Hauptfigur ist der fünfzehnjährige Gymnasiast Berthold Brandstetter, ein Scheidungskind, in dem durch Radiosendungen, Gesprächen mit Klassenkameraden und Lehrern sowie aus einem Gefühl der Einsamkeit der Entschluss heranreift, an der „Revolution“ teilzunehmen. Dadurch erhält der Titel „Tauschzentrale“ auf einer symbolischen Ebene Bedeutung, da Berthold versucht, sein altes Leben gegen ein neues einzutauschen.
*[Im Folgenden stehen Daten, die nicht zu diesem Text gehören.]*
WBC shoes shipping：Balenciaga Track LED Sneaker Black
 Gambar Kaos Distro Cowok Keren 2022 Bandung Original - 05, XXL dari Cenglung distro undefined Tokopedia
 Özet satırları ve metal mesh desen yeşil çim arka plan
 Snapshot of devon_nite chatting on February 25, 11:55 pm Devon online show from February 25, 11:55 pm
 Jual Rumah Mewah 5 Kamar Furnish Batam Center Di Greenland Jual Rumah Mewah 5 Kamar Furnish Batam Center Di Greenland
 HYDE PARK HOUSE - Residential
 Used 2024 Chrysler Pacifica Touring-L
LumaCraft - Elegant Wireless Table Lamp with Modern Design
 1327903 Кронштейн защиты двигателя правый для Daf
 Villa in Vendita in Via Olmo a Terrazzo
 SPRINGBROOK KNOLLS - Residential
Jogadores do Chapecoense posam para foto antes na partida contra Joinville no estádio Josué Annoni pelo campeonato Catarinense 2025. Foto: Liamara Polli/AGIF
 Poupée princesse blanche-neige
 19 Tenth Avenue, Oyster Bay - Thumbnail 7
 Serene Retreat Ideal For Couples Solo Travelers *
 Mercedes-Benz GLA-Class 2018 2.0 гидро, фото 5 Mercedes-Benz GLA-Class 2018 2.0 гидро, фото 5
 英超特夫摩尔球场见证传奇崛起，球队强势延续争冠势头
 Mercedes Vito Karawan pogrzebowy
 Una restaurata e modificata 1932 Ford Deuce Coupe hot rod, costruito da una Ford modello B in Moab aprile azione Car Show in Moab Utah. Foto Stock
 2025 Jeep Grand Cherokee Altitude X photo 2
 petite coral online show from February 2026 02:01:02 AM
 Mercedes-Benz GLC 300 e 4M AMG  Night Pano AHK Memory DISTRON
Versteckt auf einem Rot-Kreuz-Wagen, der Spenden der österreichischen Bevölkerung zur Grenze transportiert, erreicht Berthold jedoch nur ein direkt an dieser gelegenes Flüchtlingslager, wo er gemeinsam mit den zwei Töchtern eines Volksschullehrers bei der Versorgung der Flüchtlinge hilft: „Ich hätte mich allein zwischen Feldern und Wäldern umherirren sehen… Gefesselt auf einem Panzer gen Osten rollen… Verwundet oder kämpfend inmitten junger Burschen in einer fremden Stadt… Aber mit zwei kleinen Mädchen im Ziegenstall Schuhe putzen hätt’ ich mich nicht gesehen, nicht, wenn Harun al Raschid mir jeden Abend eine Zukunftsvision aufgewogen hätte mit Gold und Edelsteinen.“ (TZ 178) Der Text wirft auch ein Schlaglicht auf die mit dem Aufstand einhergehenden menschlichen Katastrophen, wie z.B. die Flucht aus Ungarn, die Durchquerung der Minenfelder an der Grenze und auseinandergerissene Familien. Nach dem Scheitern des Volksaufstandes kehrt Berthold enttäuscht aber geläutert nach Hause zurück.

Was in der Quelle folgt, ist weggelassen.